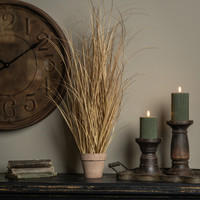 35" TAN GRASS IN POT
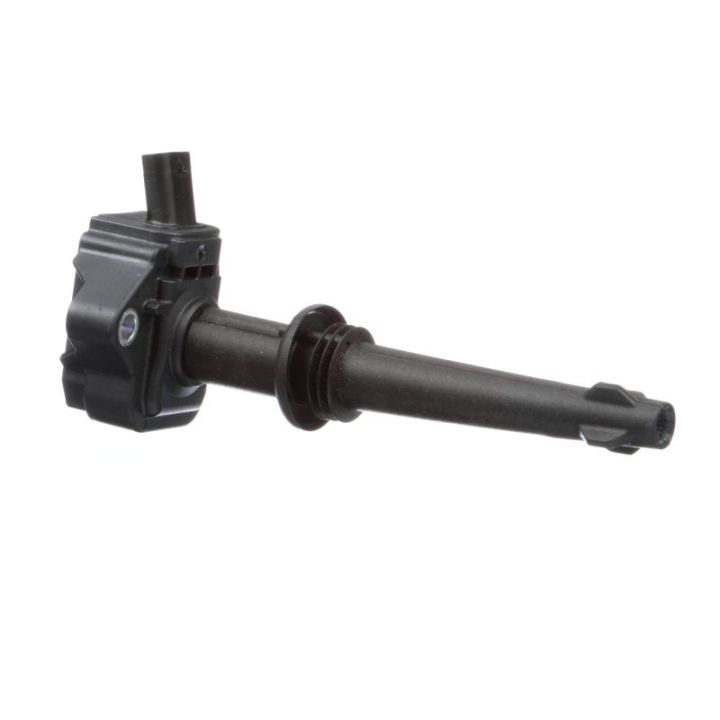 Ritė, uždegimas DELPHI GN10591-12B1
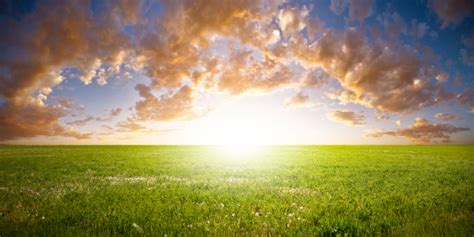 Sunrise Over Green Field Stock Photo Download Image Now Istock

※

Write out the material exactly as it stands, omitting every picture.

_Reply to the task_.
 35" TAN GRASS IN POT
 Ritė, uždegimas DELPHI GN10591-12B1
 Sunrise Over Green Field Stock Photo Download Image Now Istock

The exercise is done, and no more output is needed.